While the smaller-diameter ball positively affected speed of reloading of the Brown Bess, it had a negative impact on accuracy. The lead balls bounced from side to side in their passage out of the barrel. Consequently, the path of the shot varied widely in elevation and windage from its intended mark.
The French, the other major military force of the eighteenth century, developed their own standard military flintlock. Other than having a slightly smaller .69 caliber, the French Charleville closely resembled the British Brown Bess—down to the lack of accuracy. Even the most skilled marksmen had little control over where the shot landed.
A common military rhyme of the period about both British and French musket shots summed up the situation:
One went high,
and one went low,
and where in Hell
did the other one go.
British Brown Besses and French Charlevilles faced each other in North America during the Seven Years’ War (1756–63), an extension of the two countries’ conflict in Europe. American colonists, who accompanied the British as members of local militias, were also armed with the Brown Bess or other smooth-bore muskets that were “accurate” for only eighty yards or less. Toward the end of the conflict, the British formed the 60th Royal Americans as sharpshooters equipped with Pennsylvania long rifles. There is no record, however, that those marksmen had any influence on the war’s final battles, perhaps because British commanders saw little use for weapons that could not mount bayonets. Cold steel rather than hot shot remained the deciding factor in most battles.

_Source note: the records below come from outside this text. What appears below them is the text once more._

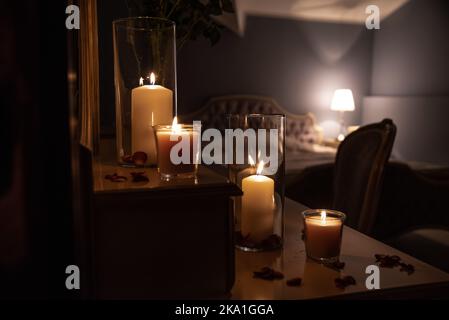 Le pot en verre avec des bougies allumées illumine la pièce, créant une atmosphère romantique et chaleureuse dans la chambre rétro avec une belle décoration en arrière-plan. Banque D'Images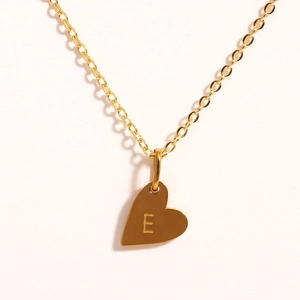 Détail macro du pendentif cœur doré avec gravure de la lettre E sur chaîne fine
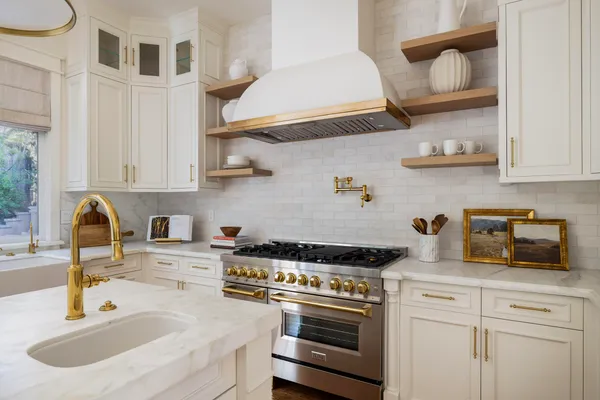 a kitchen with stainless steel appliances granite countertop a sink and a stove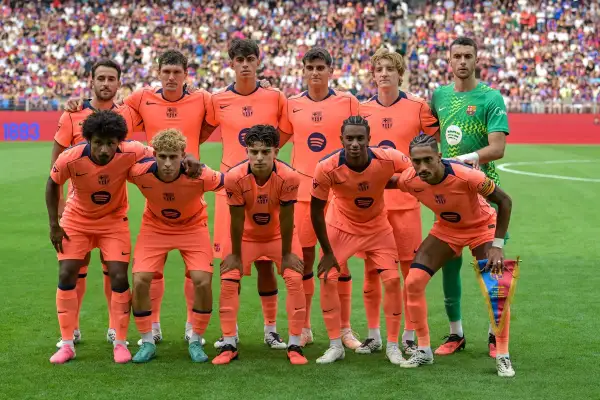 FC Barcelona - skład. Drużyna w pomarańczowych strojach pozuje do zdjęcia na boisku. W tle trybuny pełne kibiców.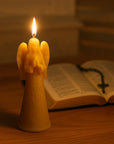 lit up angel beeswax candle with bible and rosary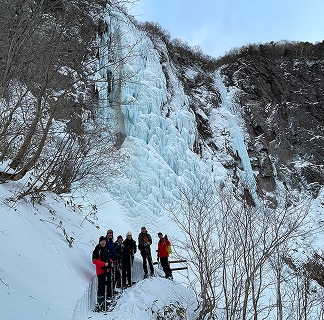 不動滝のすぐそばで記念撮影するスノーシューハイキングツアーの参加者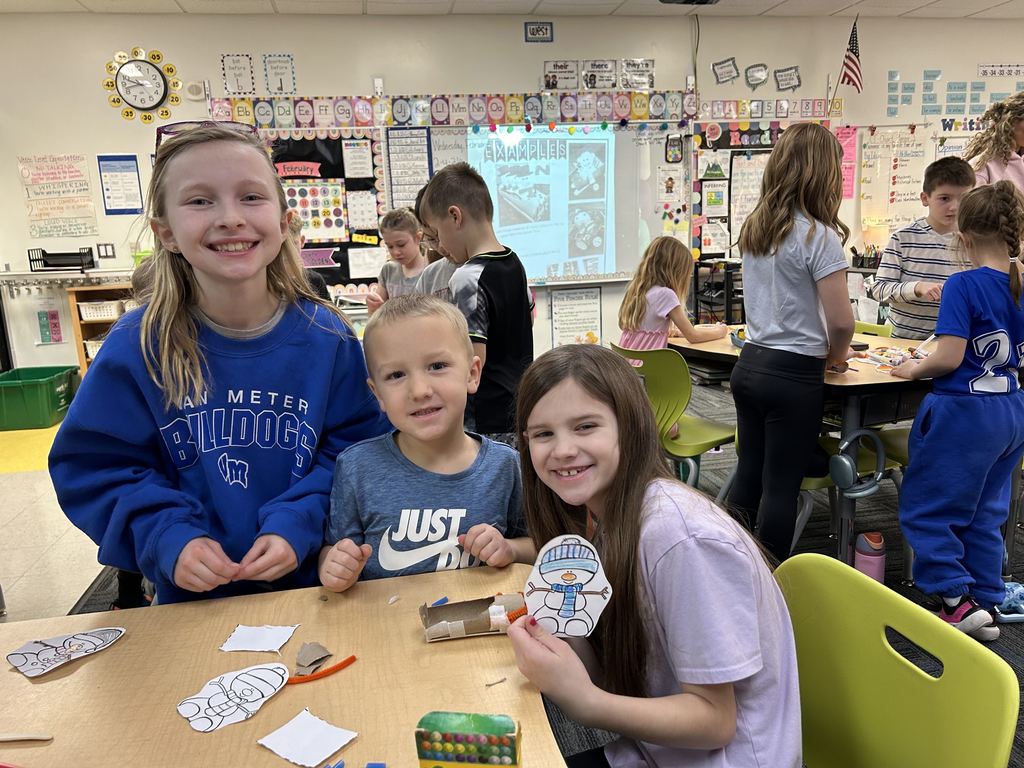 Elementary students engaged in a classroom craft activity, cutting and assembling paper snowman figures at a table.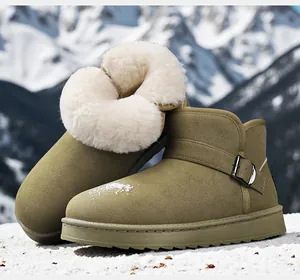 Detail of warm olive green winter snow boots with thick white faux fur lining.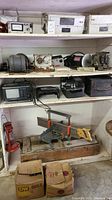 Shelf with multiple electronic devices including a Dayton permanent magnet DC motor, Sears Craftsman miter saw mounted on wooden base, and other electronic equipment.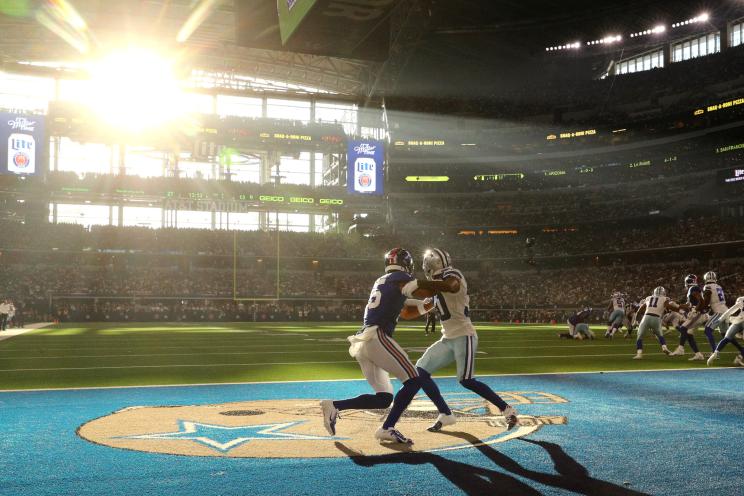 Collin Johnson #15 of the New York Giants battles in the end zone with Anthony Brown #30 of the Dallas Cowboys.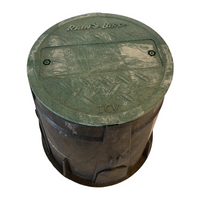 Front-angle view of Rain Bird VB7RND 7-inch round valve box showing black ribbed body and removable green lid, for irrigation access.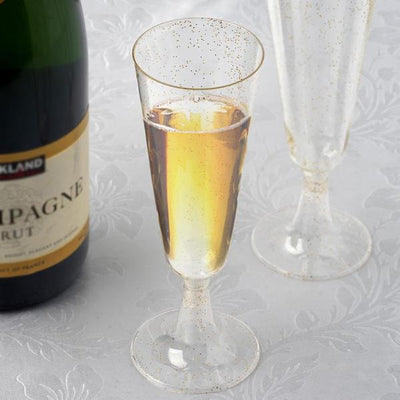 Elegant champagne flutes with sparkling bubbly against a textured background.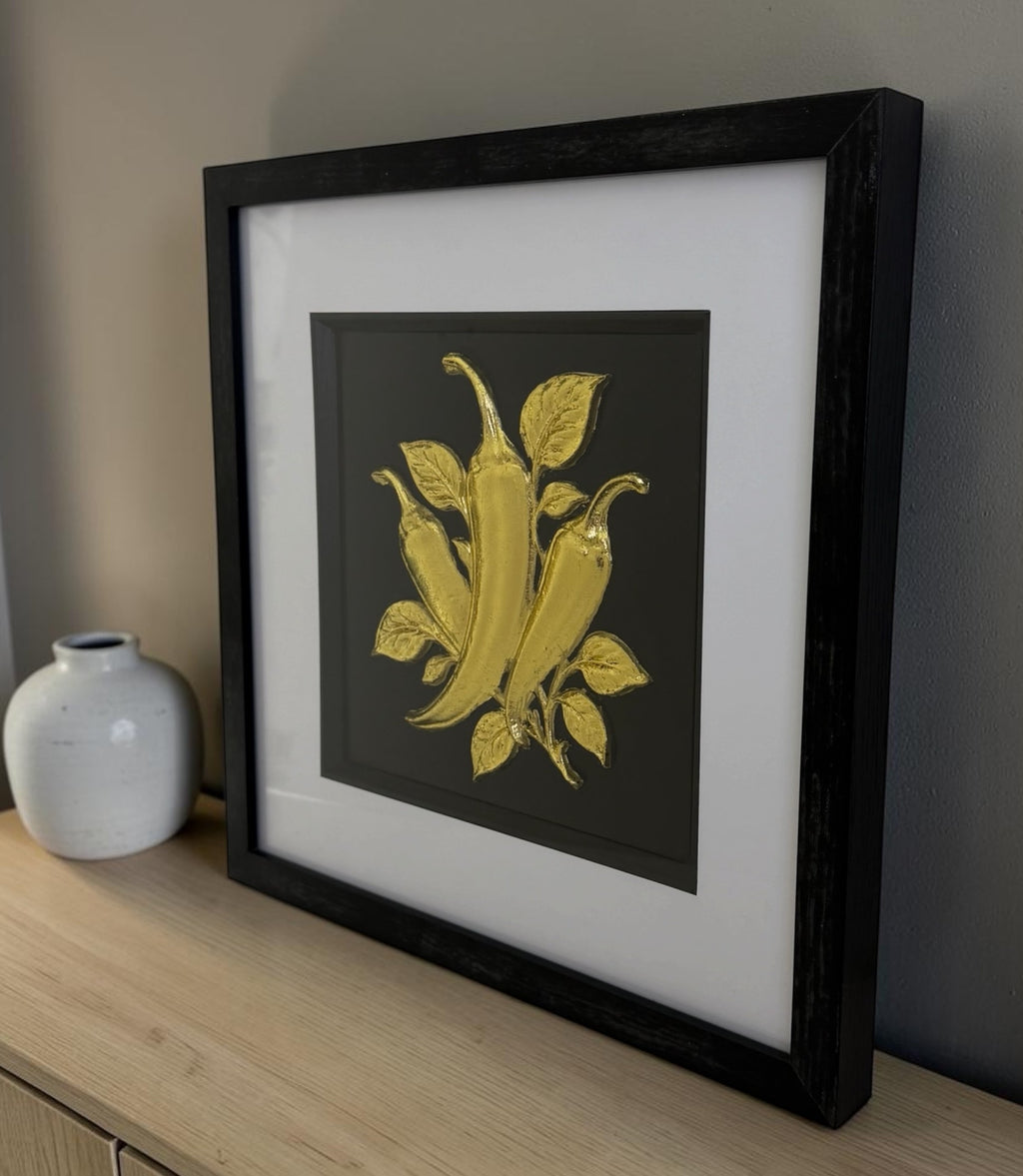 Gold chilli pepper framed 3D artwork styled on a sideboard with ceramic vase and neutral wall.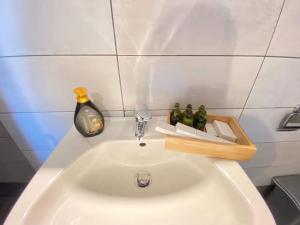 a white sink with a soap dispenser on top of it at Skopelos House Nikols in Loutraki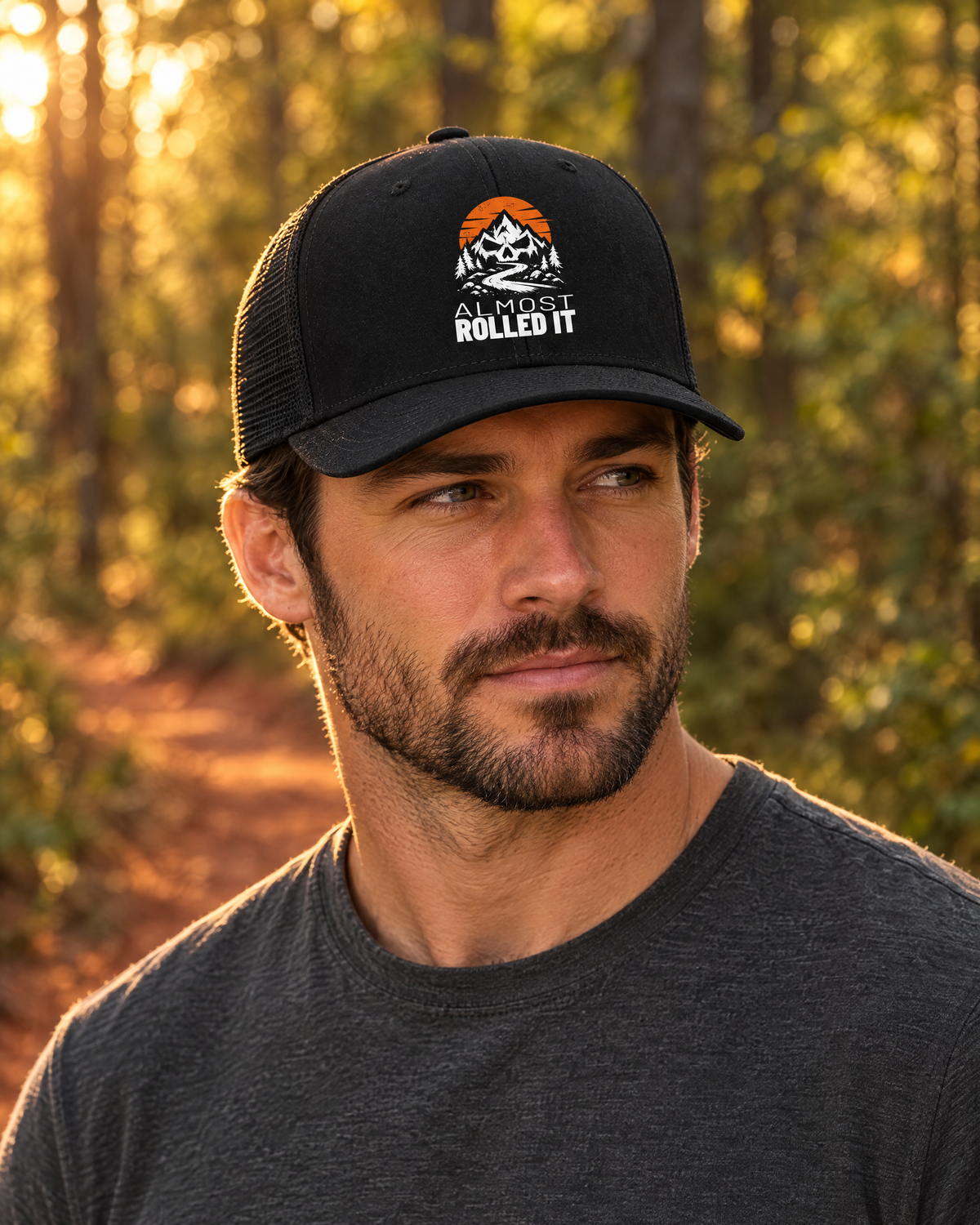 Man wearing the black Almost Rolled It trucker hat on a forest trail at golden hour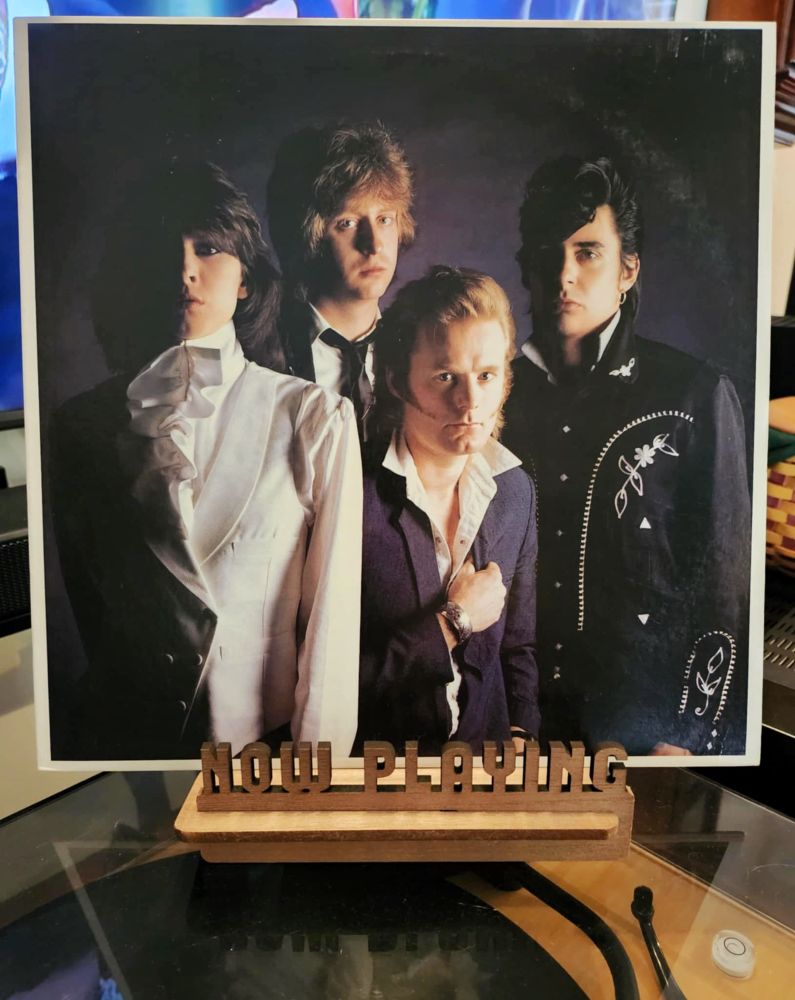 The front cover of the LP record “Pretenders II” sits on a wooden “now playing” record display stand placed on top of the turntable that’s playing the album. A muted television plays in the background.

The first accurate long-range shooters to influence a battle in America came forward in the Revolutionary War. Americans armed their rebel army with Brown Besses captured from the British, with Charlevilles purchased from the French, and with locally produced .75-caliber flintlocks—called Committee of Safety muskets, authorized by the Continental Congress in November 1775. All of these weapons shared the inaccuracy common to smooth-bore muskets. Except when fired in volley at close range or employed as holders for bayonets, they were so ineffective that Benjamin Franklin recommended arming the revolutionary army with bows and arrows rather than the unpredictable muskets.